INSTRUCTIONS FOR THE TASK:
Copy, please, the line with "22.10 | Justin" and each line that follows it through the end of the data below, exactly as given and without pictures.

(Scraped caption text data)

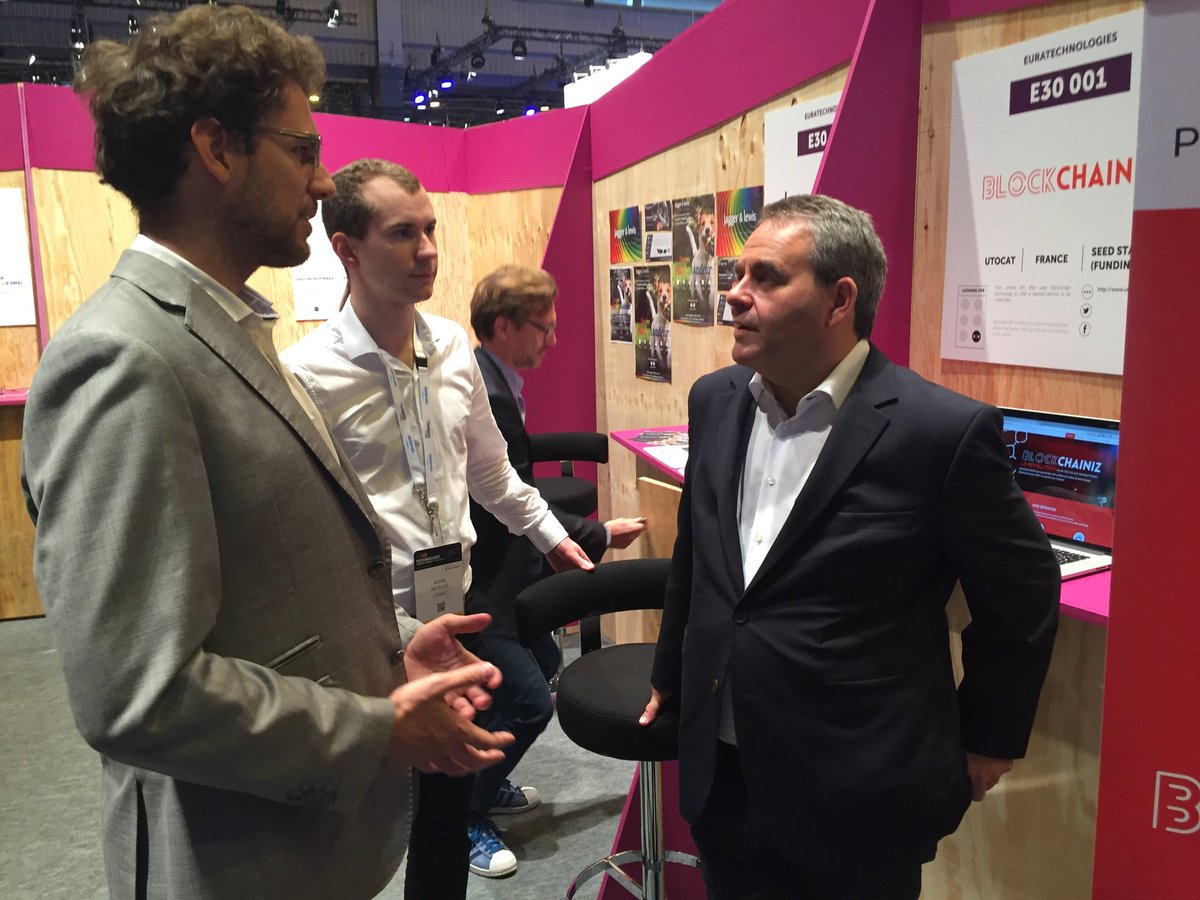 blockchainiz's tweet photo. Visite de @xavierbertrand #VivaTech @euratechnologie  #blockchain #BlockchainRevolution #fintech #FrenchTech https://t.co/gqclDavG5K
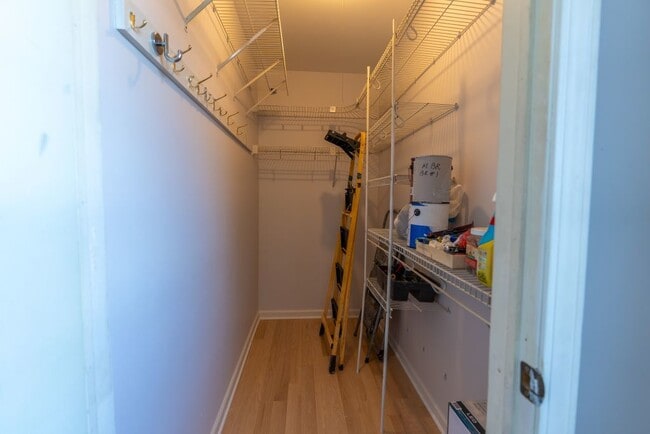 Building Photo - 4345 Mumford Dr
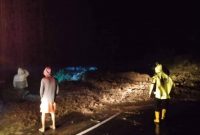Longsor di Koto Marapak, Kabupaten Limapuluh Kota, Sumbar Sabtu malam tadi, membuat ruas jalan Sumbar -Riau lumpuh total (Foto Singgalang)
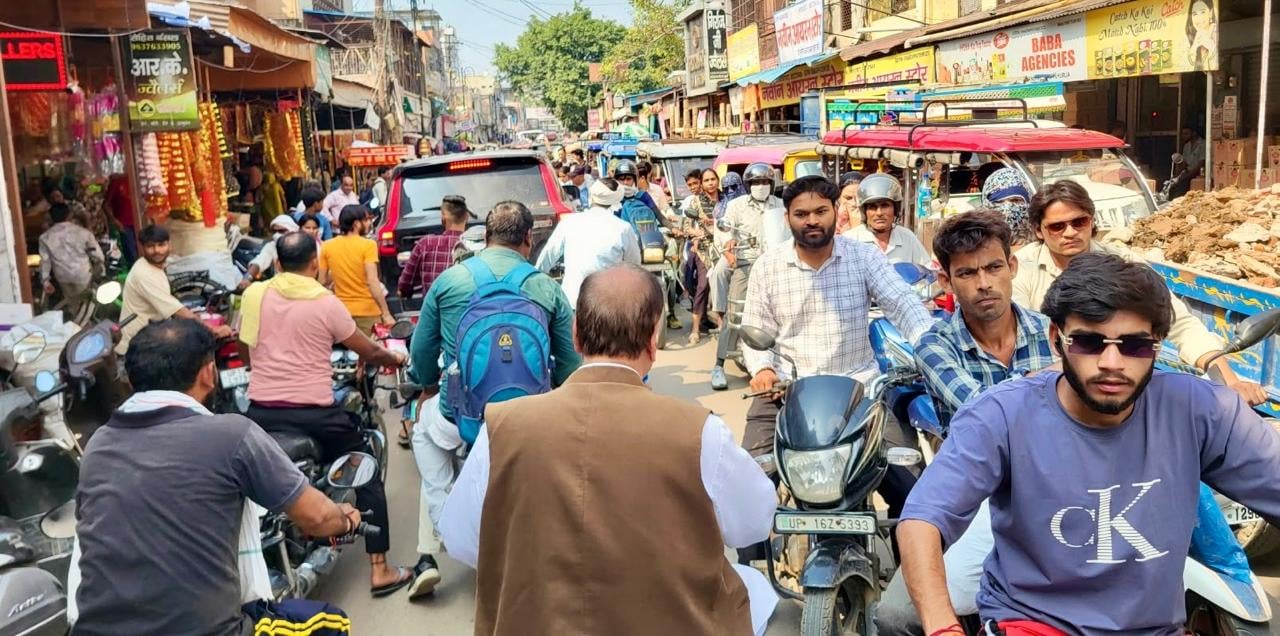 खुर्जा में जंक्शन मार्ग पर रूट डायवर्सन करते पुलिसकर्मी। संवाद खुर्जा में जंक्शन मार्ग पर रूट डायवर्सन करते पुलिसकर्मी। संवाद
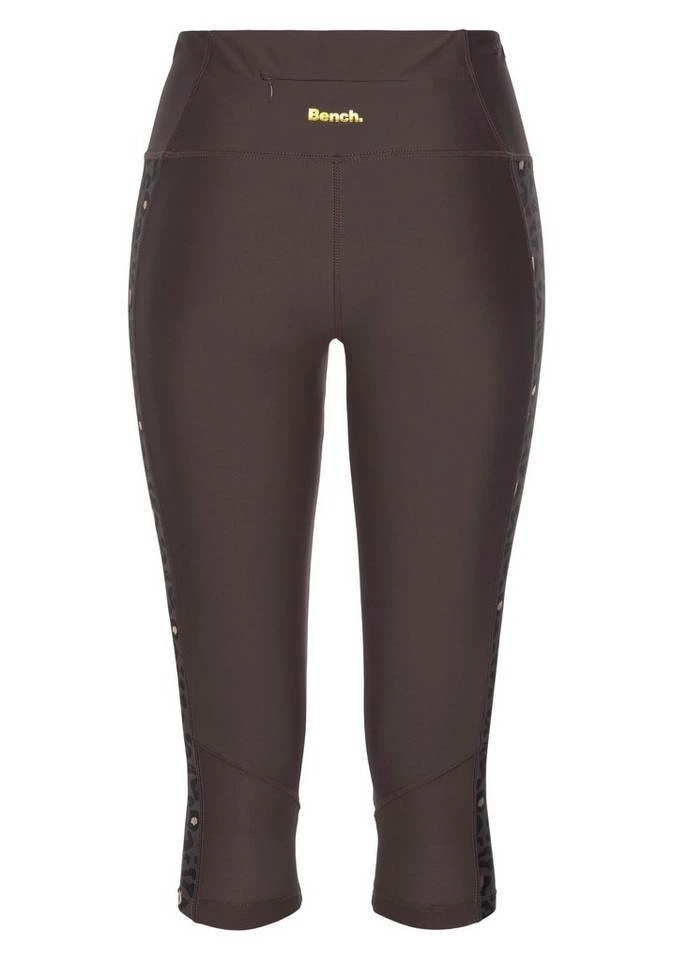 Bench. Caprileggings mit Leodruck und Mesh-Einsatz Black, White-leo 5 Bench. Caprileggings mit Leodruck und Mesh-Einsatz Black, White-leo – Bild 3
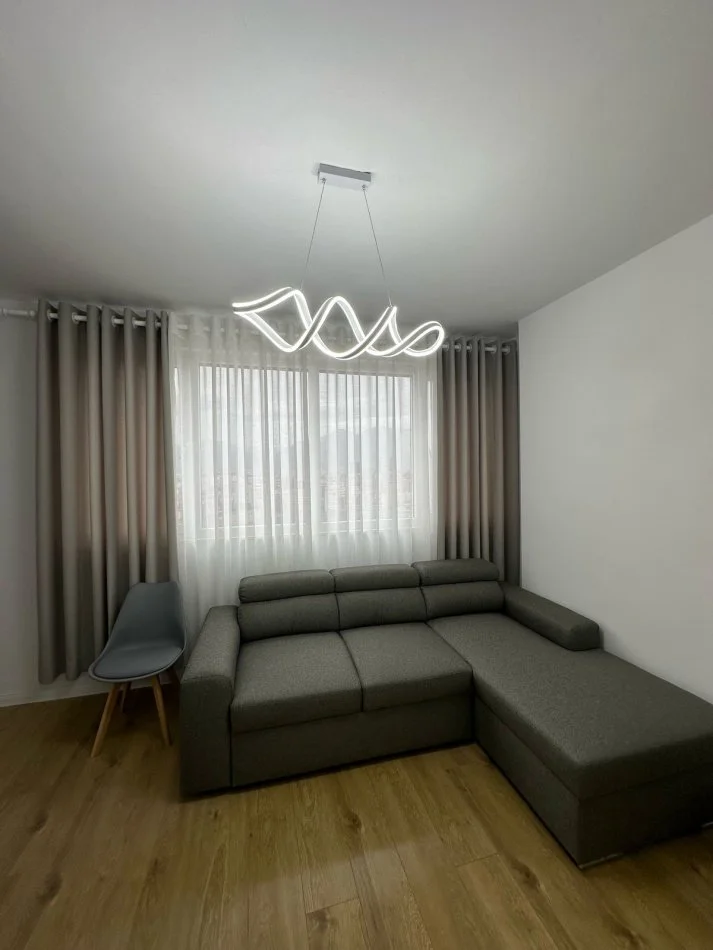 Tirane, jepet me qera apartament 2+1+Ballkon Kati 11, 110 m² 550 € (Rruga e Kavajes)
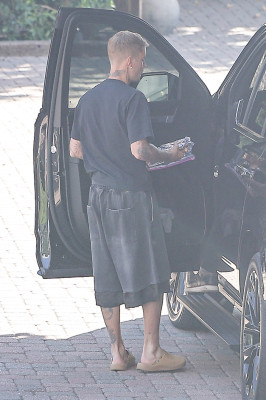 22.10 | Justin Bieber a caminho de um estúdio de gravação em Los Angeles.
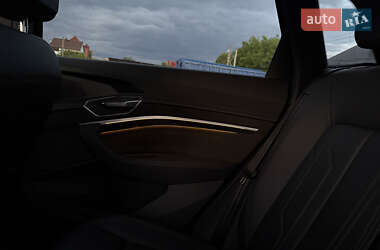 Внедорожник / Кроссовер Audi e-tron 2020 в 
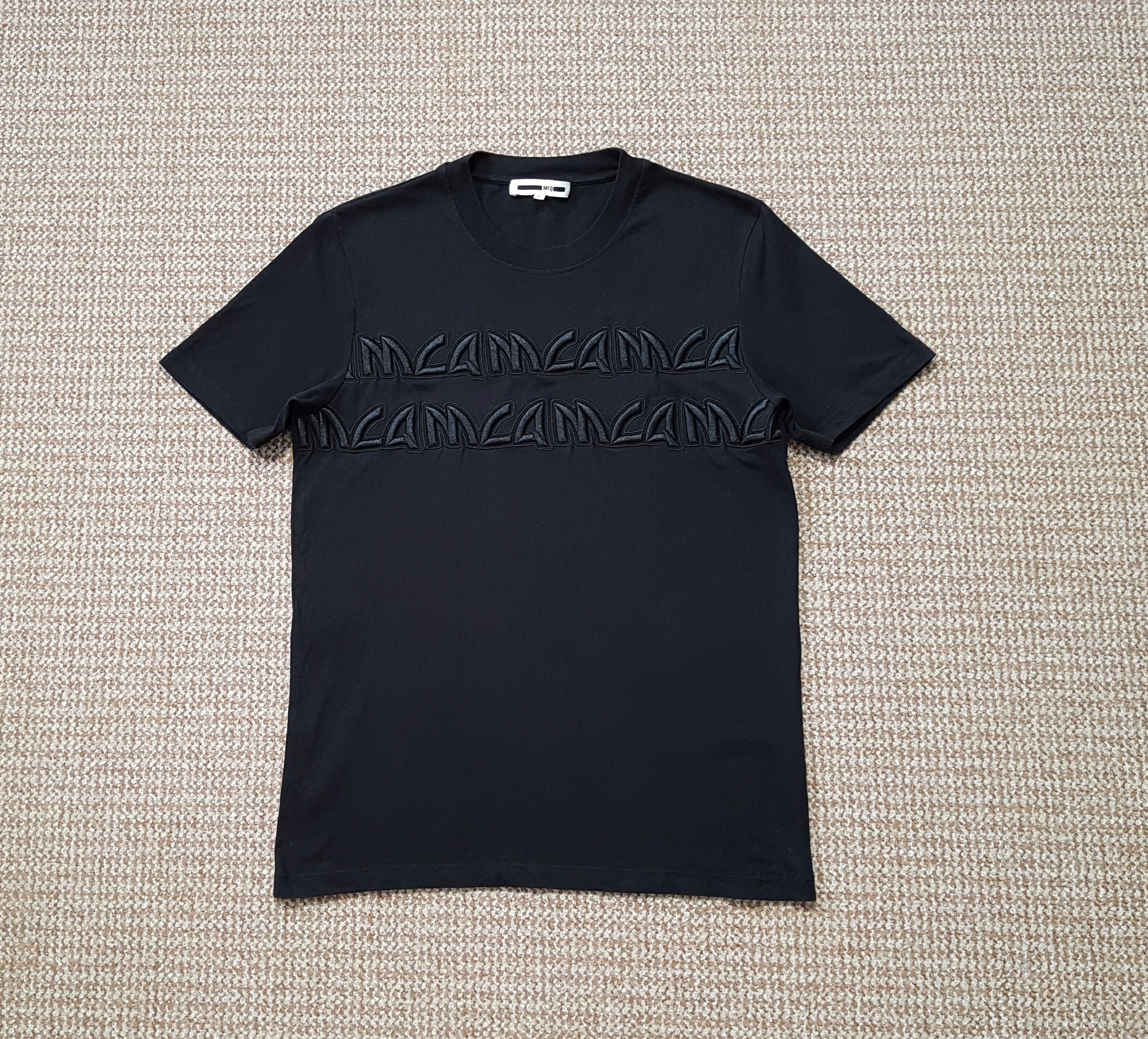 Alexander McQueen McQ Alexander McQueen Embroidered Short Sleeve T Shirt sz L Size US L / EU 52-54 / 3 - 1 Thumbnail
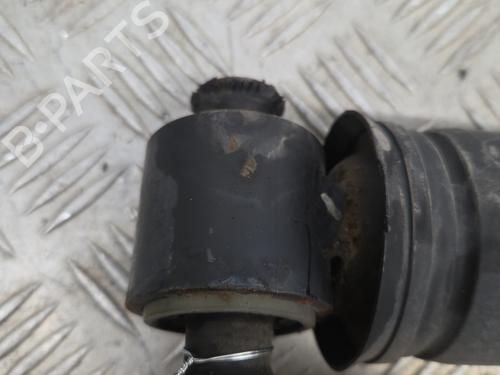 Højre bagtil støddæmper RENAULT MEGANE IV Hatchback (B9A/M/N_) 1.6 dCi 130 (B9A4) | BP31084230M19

SOLUTION BELOW:
 22.10 | Justin Bieber a caminho de um estúdio de gravação em Los Angeles.
 Внедорожник / Кроссовер Audi e-tron 2020 в 
 Alexander McQueen McQ Alexander McQueen Embroidered Short Sleeve T Shirt sz L Size US L / EU 52-54 / 3 - 1 Thumbnail
 Højre bagtil støddæmper RENAULT MEGANE IV Hatchback (B9A/M/N_) 1.6 dCi 130 (B9A4) | BP31084230M19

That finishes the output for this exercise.